Friday, 11 December 2009

26 deaths for every 100,000 cases of swine flu

(Research: Mortality from pandemic A/H1N1 2009 influenza in England: public health surveillance study)

New data, published today on, reveal that there were 26 deaths out of every 100,000 cases of swine flu in England (a fatality rate of 0.026%). The authors conclude that “the first influenza pandemic of the 21 st century is considerably less lethal than was feared in advance.” However, they emphasise that this is not a justification for public health inaction when death, serious illness and admission to hospital can be prevented.

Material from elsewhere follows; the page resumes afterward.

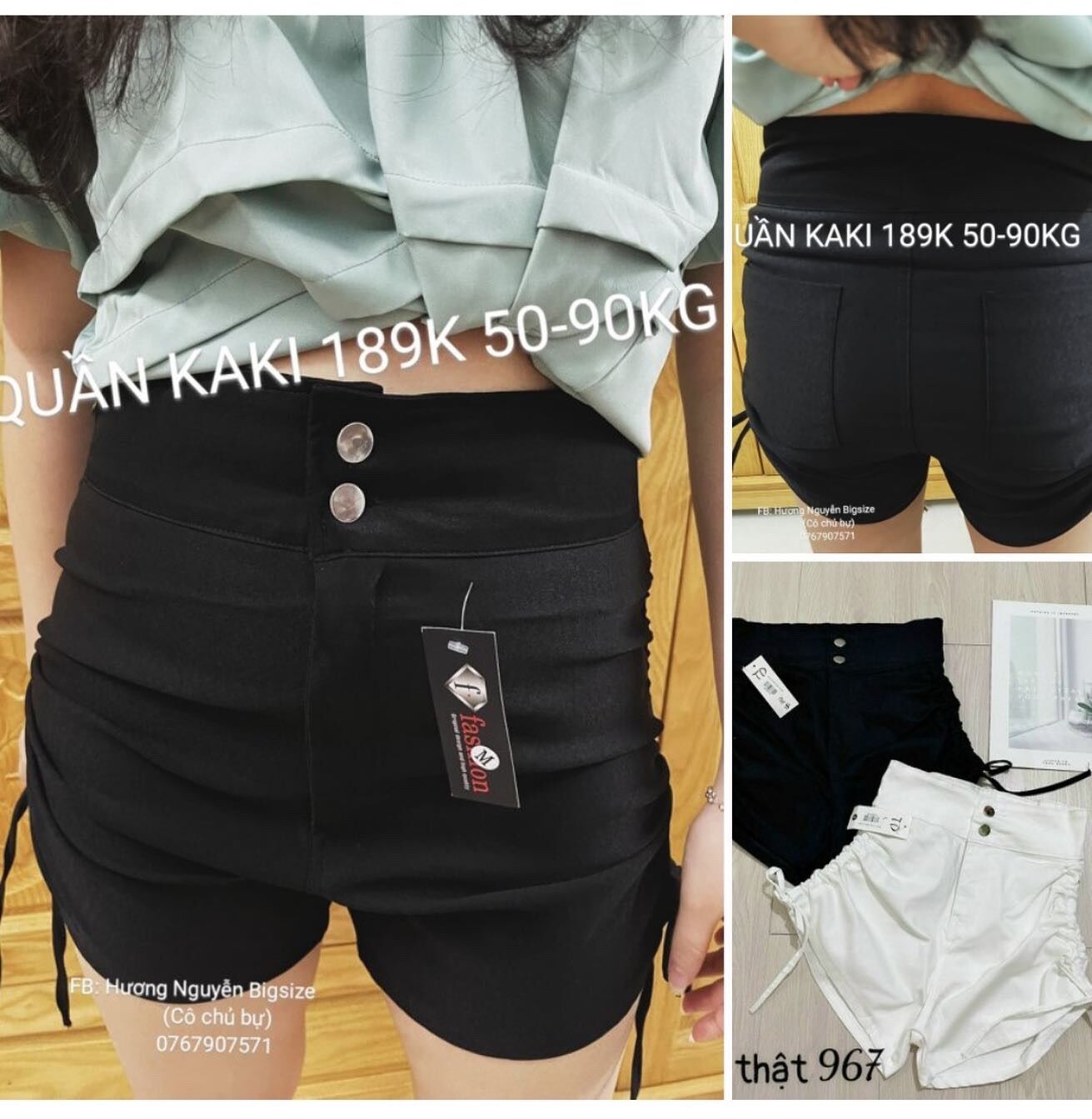 50-90kg Bigsize QUẦN KAKI RÚT DÂY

This paper will be published on at 15:00 hrs UK time, Thursday 10 December, to coincide with the Department of Health’s weekly H1N1 update, hosted by the Chief Medical Officer for England , Sir Liam Donaldson.

After the pandemic was announced, from June 2009 the Department of Health in England compelled all primary care trusts and acute hospitals to collate data on individuals who were believed to have died from swine flu. Today’s study is the first analysis of this material and includes all known deaths in England from swine flu up until 8 November 2009. The research, which was carried out by Sir Liam Donaldson’s research team, reveals that two thirds of the patients who died (66.7%) from swine flu would now be eligible for vaccination. The authors say that this demonstrates the importance of getting high risk groups vaccinated. Donaldson and his team also argue that there is a case for extending the vaccination programme to the wider population given that a substantial minority (38%) of deaths occurred in non-high risk groups.

While the over 65’s had less chance of contracting swine flu, the study reveals that this group were more likely to die from the disease if they developed it. The authors argue that perhaps older people were less likely to become infected with swine flu because they had already been exposed to similar strains and that “without this previous exposure, the pandemic might have caused many more deaths in this age group.” The researchers say their fatality rate estimate compares well with the other three 20th century influenza pandemics – the rate for the 1918 Spanish flu was 2-3% and subsequent pandemics (1957-8 and 1967-8) had rates of around 0.2%.

Donaldson argues that “improvements in nutritional status, housing and health care availability might explain some of the apparent decrease in case fatality from one pandemic to the next” and that “since the most recent pandemic there have been major advances in intensive care medicine.” The authors conclude that “many more patients may have died in England without the ready availability of critical care support, including mechanical ventilation.”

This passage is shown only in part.